Dig a hole by the slab large enough to fit the access box into (Image 1), making sure it will sit even with the base of the fountain once the sod work is done. With the access pit dug, finish uncoiling the 1/2" copper tubing, cut it to the desired length and place it under the access box (Image 2). Use a cordless drill to drill a hole in the side of the access box where the water line from the fountain will run into the box (Image 3).
To install the service valve to the drinking fountain, attach the double lavatory stop to the 1/2" copper tubing. Slide the nut and ferrule over the end of the tube and attaching it to the stop. Use an adjustable wrench and slip-joint pliers to make sure the connection is tight and that one side points up and one points down. Place the finished connection in the pit and put the access box over the top of the lavatory stop.
Run a flexible supply line through the concrete slab and access box and attach it to the lavatory stop, making sure to tighten the connection with an adjustable wrench (Image 1). Pour gravel chips in the bottom of the access pit, spreading them evenly to assist in drainage and to help hold the access box in place (Image 2).
Cover any remaining copper tubing with dirt and fill in the area around the access box. Next, remove the nuts from the bolts on the concrete slab and remove the plywood on top, using a crowbar.
With the rough work done, it's time for the final connections. It's not too complicated, and the first step is to mount it right to that concrete slab so it won't topple over. Next, connect the drain line with the PVC coupler and some extension pipe. Finally, the water line is the easiest: connect the 1/2" fitting to the 1/2" fitting supplied with the drinking fountain.
Set the fountain in place over the mounting bolts and screw the nuts and washers onto the bolts; then tighten them with a socket wrench.
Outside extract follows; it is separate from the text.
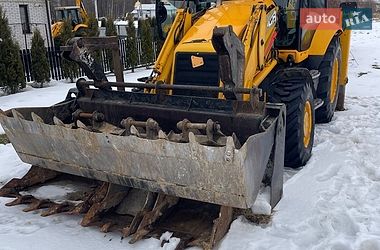 Екскаватор навантажувач JCB 3CX 2003 в Яворові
Remove the access panel and measure the distance from the internal drain line to the bottom of the fountain (Image 1). Transfer this measurement to a section of PVC and cut it to the desired length to create an extension for the drain line (Image 2).
Slide the 1-1/2" coupler over the drain extension and apply PVC primer and glue to the opposite end of the drain extension. Place the drain extension in the roughed-in PVC line in the concrete slab, connect the coupler to the internal drain line and tighten it down. Connect the flexible supply line to the 1/2" water supply inside the fountain, making sure the connection is tight. Using the four hex-head screws, replace the access panel, turn the water back on at the main and switch the electric water heaters back on at the breaker or turn on gas heaters.